In conjunction with the 2023 Fotografia Europea festival, titled Europe Matters: Visions of a Restless Identity, Collezione Maramotti is presenting No Home from War: Tales of Survival and Loss, the first Italian exhibition by photojournalist Ivor Prickett.
With over fifty photographs taken in conflict zones from 2006 to 2022, No Home from War is the largest show of Prickett’s work to date. The exhibition retraces Prickett’s career to date, following the chronological order of the photos. From 2006 to 2010, his work in the Balkans and the Caucasus centred above all on individuals and small family groups, as units of resistance embodying the struggle for re-existence.
In his photos of the Serbian minority in Croatia, displaced by the war in ’90s, or his portraits of the Georgian Mingrelian population in Abkhazia, one can feel a loneliness as commonplace as it is profound.
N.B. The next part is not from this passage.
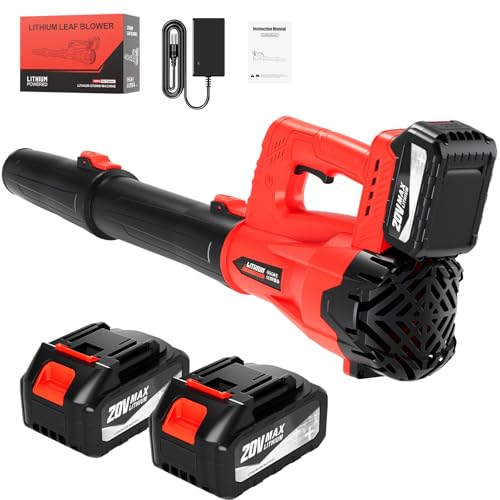 Leaf Blower Cordless, Electric Brushless Leaf Blower with 2 * 4.0Ah Battery Powered, Blowers for Lawn Care, Blower with Extension Nozzle, Battery Powered Blowers Leaf Cordless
The humanitarian crisis sparked by the war in Syria, with millions of refugees in the Middle East and migrants in Europe, is the subject of a body of work that Prickett made between 2013 and 2015. Here, his focus shifts from private life to the outside world: it captures a time when people were being forced to move, filling refugee camps or risking their lives to embark on journeys into the unknown.
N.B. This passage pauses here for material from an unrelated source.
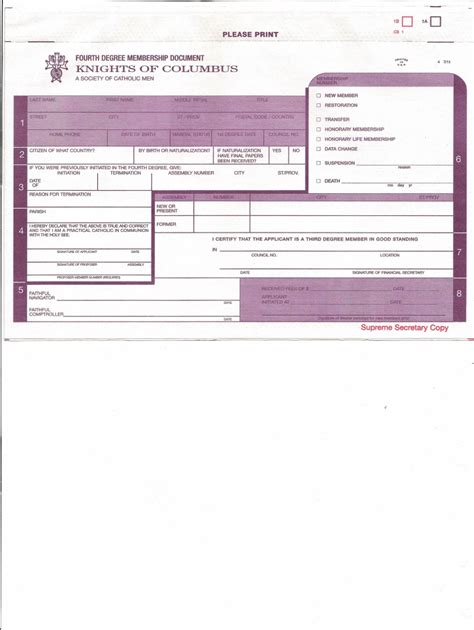 Knights Of Columbus Form 4 Fill Out Sign Online DocHub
Prickett also documented the brutal war against the Islamic State (ISIS) in Iraq and Syria from 2016 to 2018, eliminating every spatial and temporal distance from the scene of conflict and taking photos on the front lines, where he was embedded with Iraqi forces.
With the outbreak of the war in Ukraine in 2022, Prickett’s eye initially lingered on the collapsed buildings, the empty holes left by bombings: these vast architectural wounds become material, metaphysical signs of how domestic and personal space is being destroyed, opening a window onto the atrocity of the war now unfolding in Europe.
Through his framing and composition of the shots, and his choice not to alter the available light from which the figures, settings and details emerge, Prickett creates iconic images that echo classic subjects and motifs from religious iconography and art history.